Beginning in February 2023, the ANPA and Netball Australia were engaged in a pay dispute, with the current collective bargaining agreement due to expire on 30 September 2023; the ANPA had demanded a greater revenue share, which Netball Australia argued wasn't possible and signalling that it did not intend to increase Super Netball player wages as part of a new agreement, citing the organisation being $4.2 million in debt and following losses of more than $7 million in the past two years. The ANPA is exploring a partnership model with Netball Australia in the hope that it will lead to an increase in player salaries.

The pay dispute led to Netball Australia delaying the announcement of the Australian squad to compete in the 2023 Netball World Cup, with Netball Australia claiming that the squad could not be picked until a new collective bargaining agreement was agreed to and contracts were signed. Netball Australia and the ANPA eventually signed an extension of the current Collective Playing Agreement, that will run past the tournament in South Africa, with this extension enabling for the squad to be selected.

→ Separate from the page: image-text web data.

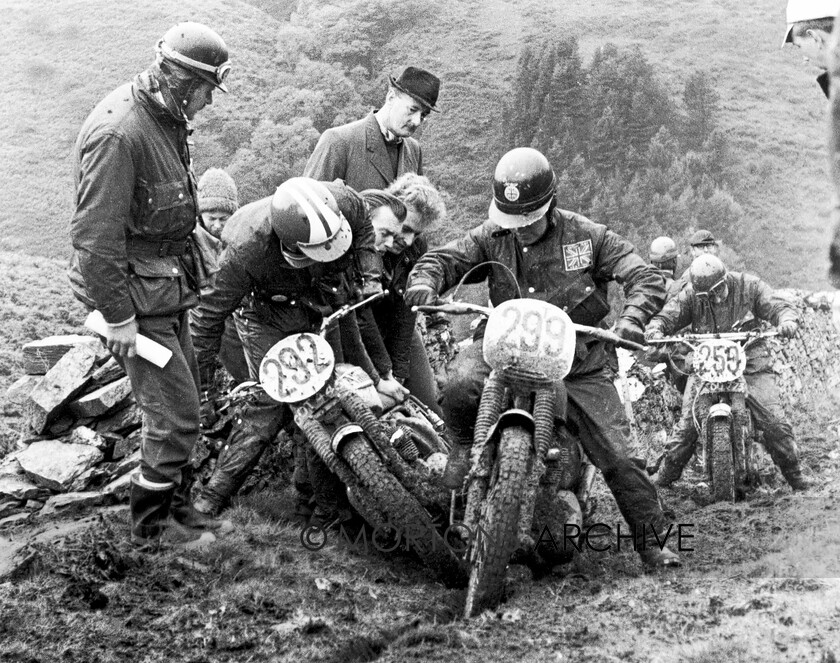 Nicholls-21 
 Industries Association man Hugh Palin watches the struggling competitors on the notorious Sky Hill section of the 1965 Manx ISDT. Arch enthusiast Geoff Duke was clerk of the course. 
 Keywords: July 04, Mortons, Mortons Archive, Mortons Media Group Ltd, Nick Nicholls, The Classic MotorCycle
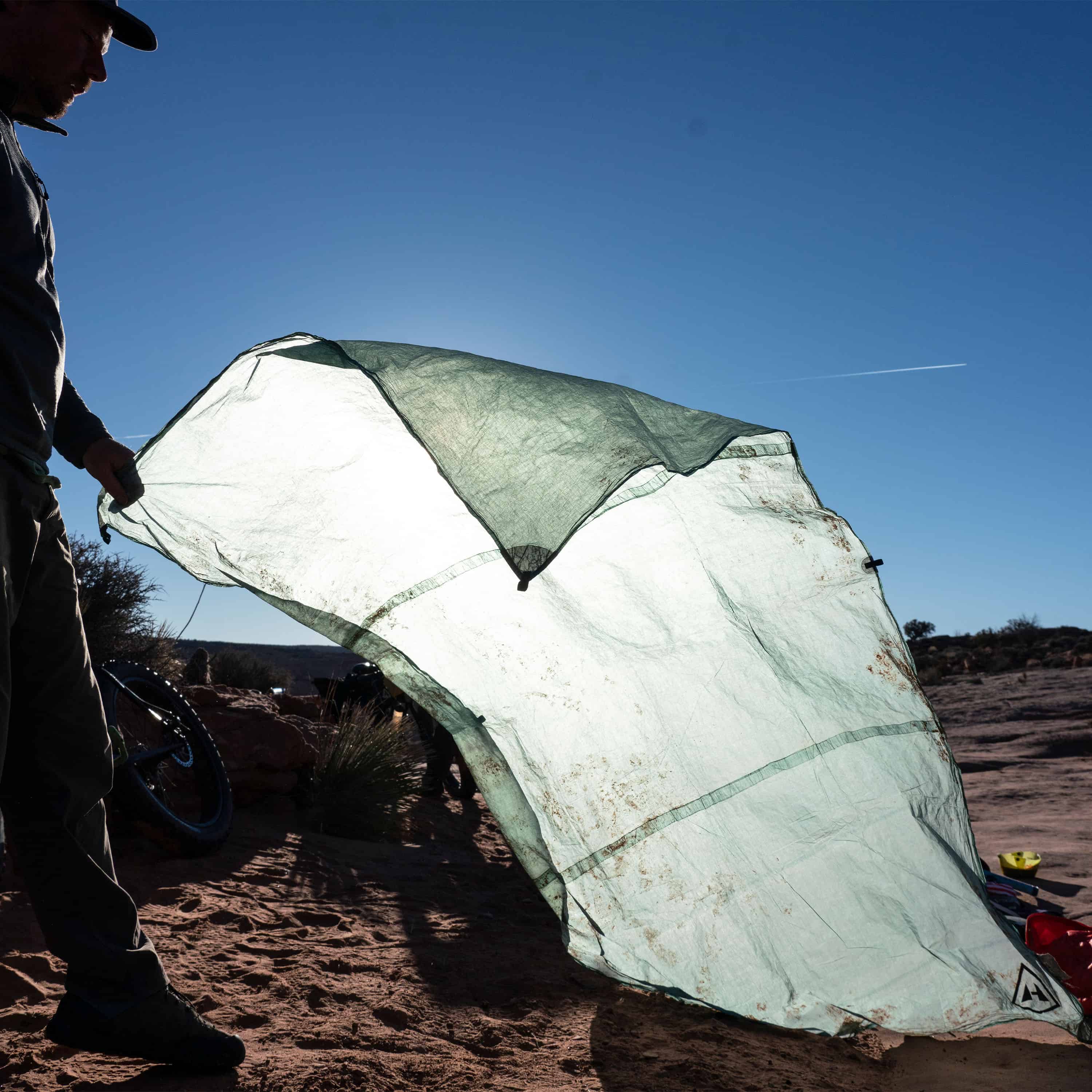 Hyperlite Mountain Gear's Ground Cloth being set up on a mountain top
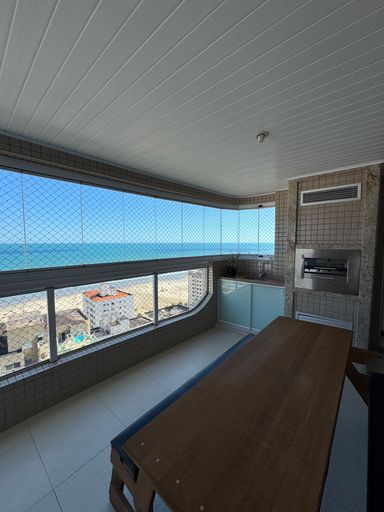 Sacada gourmet envidraçada com vista para o mar.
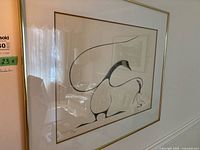 Full front view of framed print on wall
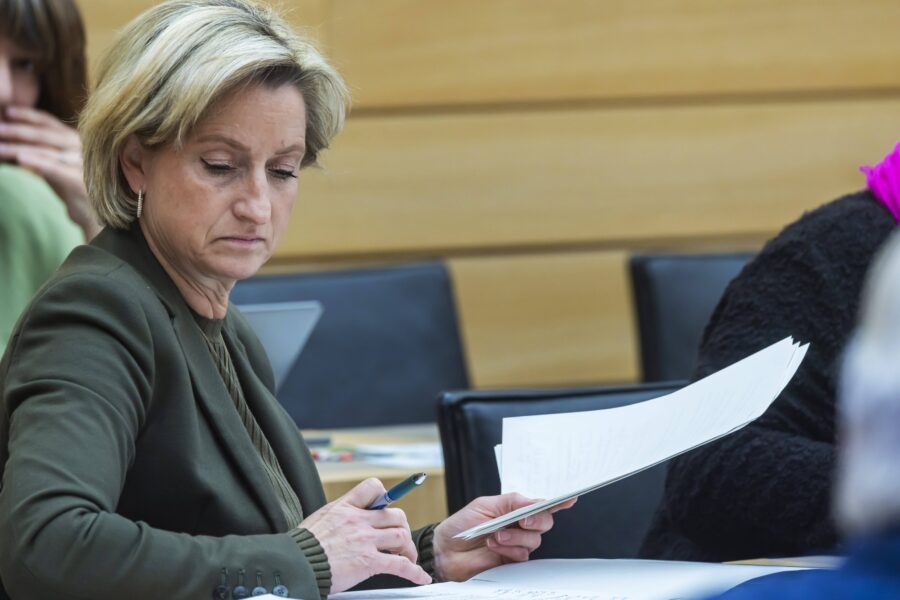 Eine Frau sitzt an einem Tisch und hält Papiere in der Hand.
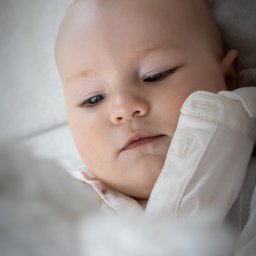 DUALART_PHOTOGRAPHY - Portret niemowlęcia w białej koszuli, leżącego na miękkim, białym tle, z delikatnym światłem podkreślającym rysy twarzy.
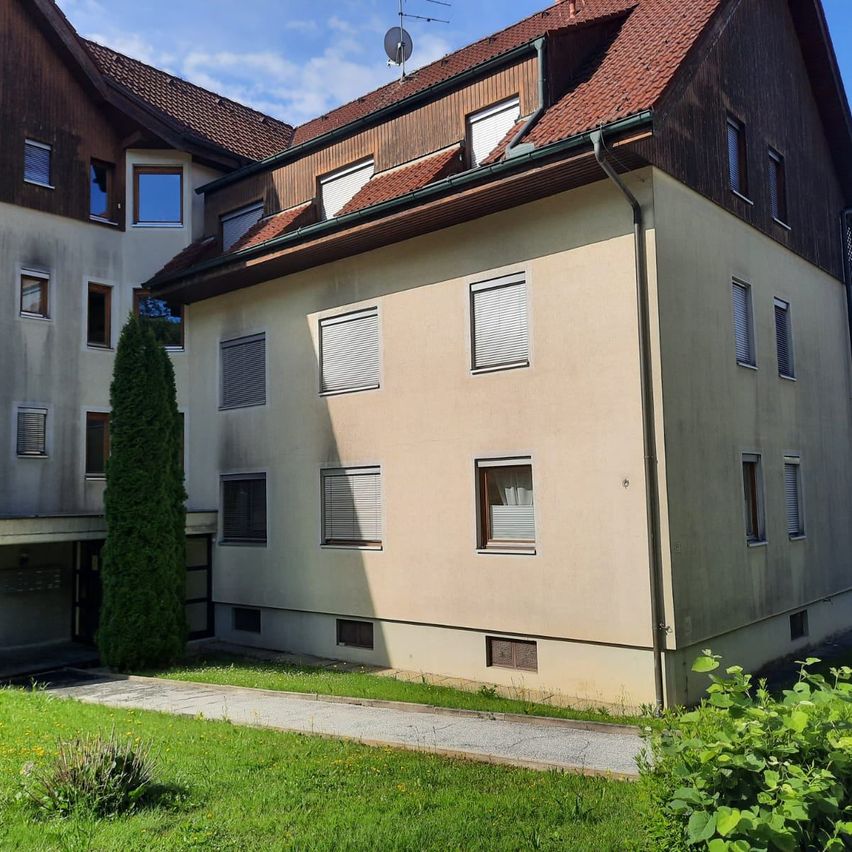 Ein dreistöckiges beiges Apartmentgebäude mit rotem Dach und braunem Rand, umgeben von Grünflächen und einer Einfahrt. Das Gebäude hat viele Fenster und einen Schornstein.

On 30 August 2023, the ANPA accused Netball Australia of "weaponising" the looming pay deal deadline to pressure players into signing a new collective player agreement. The ANPA rejected three year and one-year deal offers from Netball Australia; the three-year deal, which would have provided players with private health insurance and a three per cent increase in base salary, was rejected on the basis that the deal ran a very severe risk of locking players into an unsatisfactory deal for a long time owing to a lack of clarity on the finances and uncertainty regarding a strategic direction for netball, and the one-year deal, which would have provided a two per cent increase in base salary, was rejected on the basis that it failed to include any 'upside' mechanism which allows player to share in extra revenue they help generate for the game. The ANPA is seeking better player payments and minimum wages, as well as revenue share, consultation and agreement protocols with players, improved parental and pregnancy policy and increased elite player opportunities.